The Colombia international signed a five-year deal with the principality club last summer, when he moved from Atletico Madrid for a reported 60 million euros.
However, he has regularly been linked with a return to Spain, with Real Madrid reportedly keen to sign him.
Jardim, though, told reporters that the player would be going nowhere, despite James Rodriguez urging his Colombia teammate to follow his example and switch from Monaco to Real Madrid.
"At this moment in time, Falcao is our player, and he is with us 100 percent. We don't want to let him leave," he said.
"It's a shame that we have lost James Rodriguez, but we can count on Falcao. It matters little what people say -- he's our player. He'll be with us this season."
Former Porto man Falcao made a fine start to last season, scoring nine goals in 17 league games before sustaining his ligament injury in a Coupe de France tie in January.
Speaking to RMC, Monaco sporting director Vadim Vasilyev said he felt the forward would shine again as the club battled for domestic and Champions League success.
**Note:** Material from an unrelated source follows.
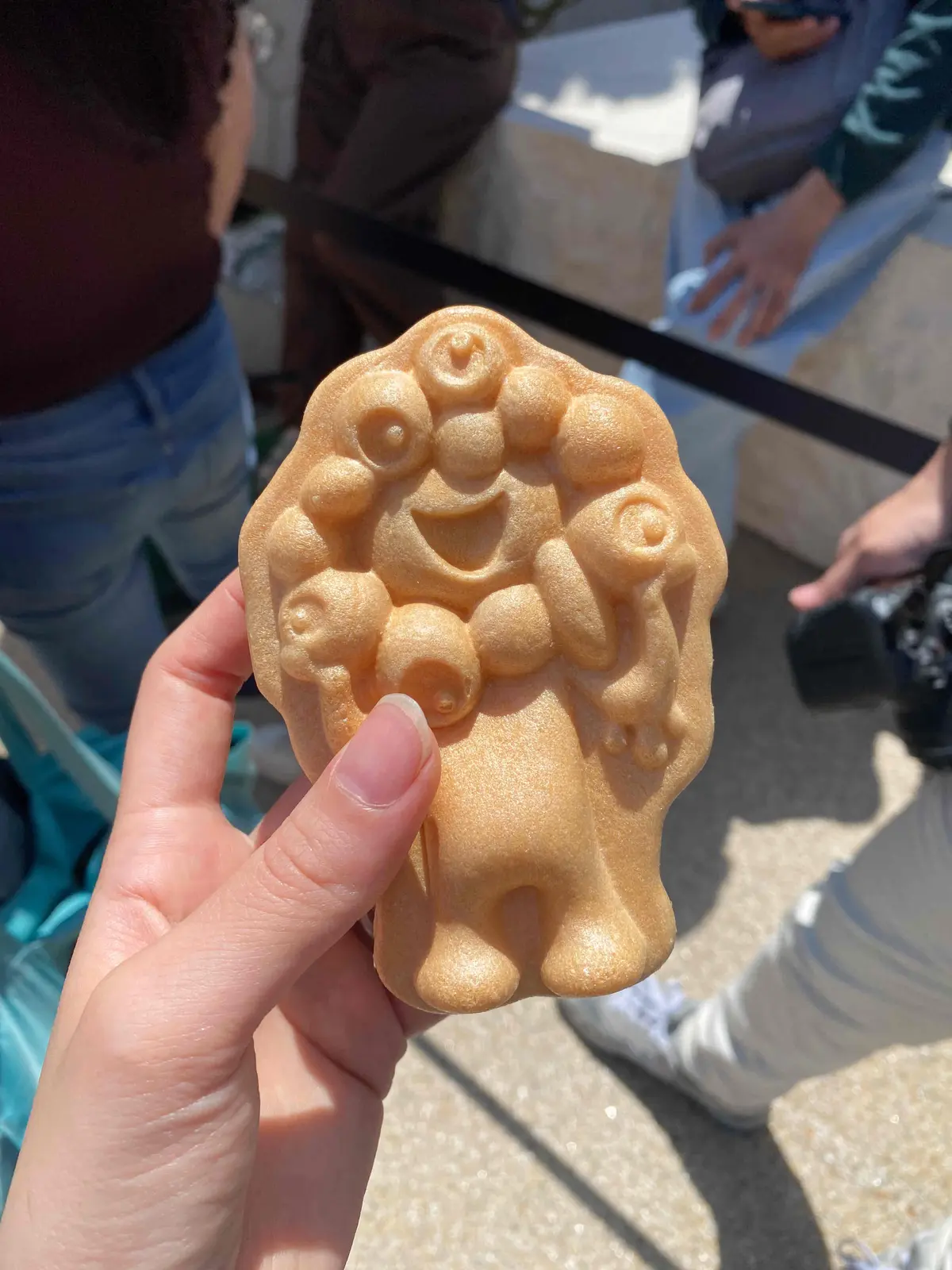 【万博グルメ】話題の『ミャクミャク焼き』の画像_21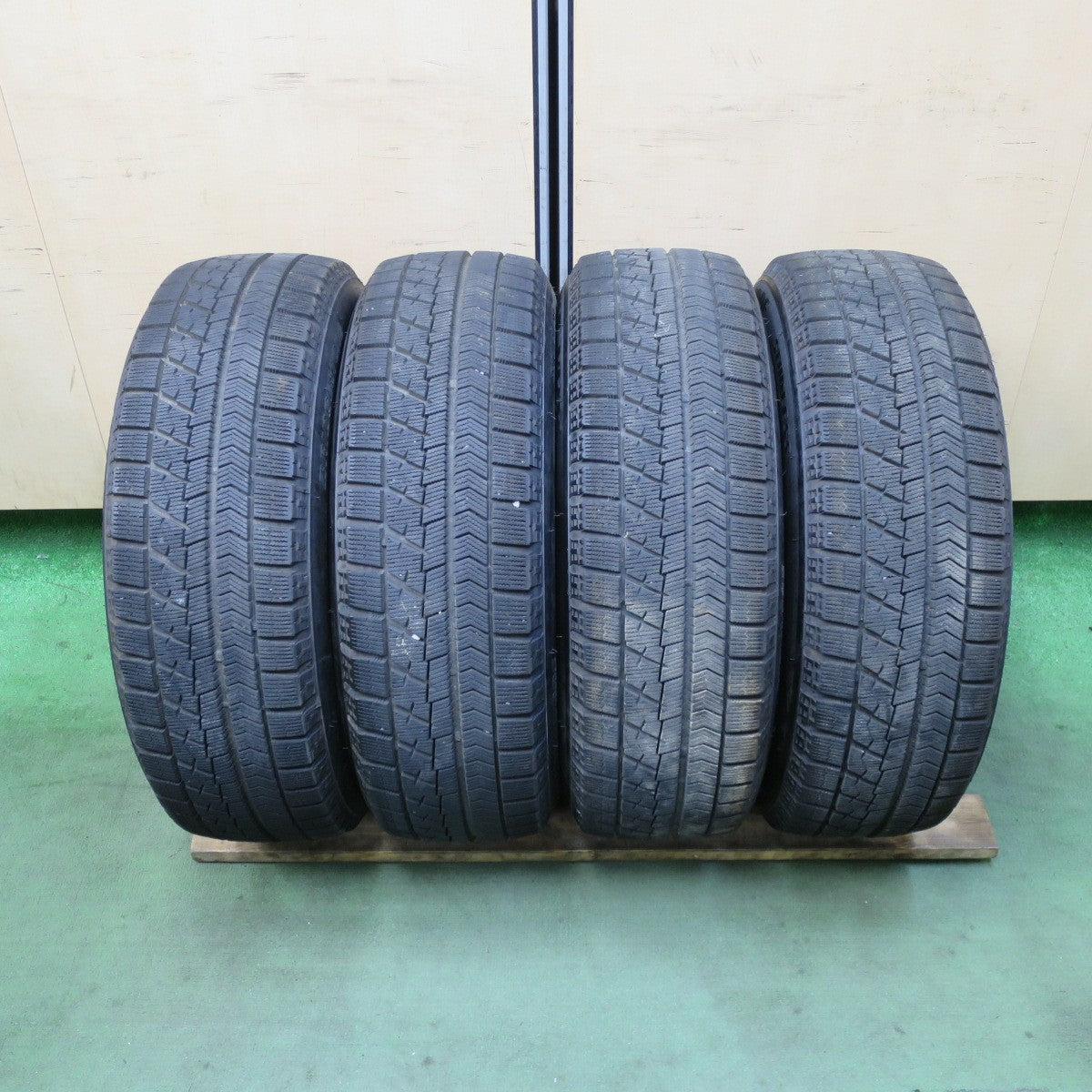 バリ溝！キレイ！8.5分★プリウス 等 195/65R15 スタッドレス ブリヂストン ブリザック VRX SCHNEIDER シュナイダー 15インチ PCD100/5H★5112805TTス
"I am counting on him for the 2014-15 season," he said. "It will be Falcao's season at AS Monaco. Rumours are part of football. Sometimes they're true, but others are just unimaginable. That's football, and I like it."
Meanwhile, a report in France claims that Monaco president Dmitri Rybolovlev has struck a deal with the principality that means he will pay only half of a 50 million-euro compensation package owed to rivals clubs.
Monaco and the French Football League (LFP) reached an agreement in January that last season's Ligue 1 runners-up would pay a one-off fee to be exempt from the LFP's demand that all clubs in their competitions be based in France for tax purposes.
Le Parisien reported on Monday, however, that Rybolovlev has successfully negotiated a tax break with Monaco authorities, effectively meaning the Russian billionaire will only have to pay 50 percent of the sum agreed with the LFP.
The division of the sum is yet to be decided upon. One option would be to divide it based on clubs' popularity, in a similar way to the sharing of TV rights' money, though the professional clubs' union, the UCPF, is more likely to adopt an equal 1.3 million-euro slice for each of the French top flight's other 19 clubs.
The teams could already have had that money had seven clubs, including Paris Saint-Germain and Marseille, not taken a case to the State Council, France's highest court for administrative issues, arguing the sum was insufficient.
As long as the State Council has not delivered its judgement, the payments have been frozen.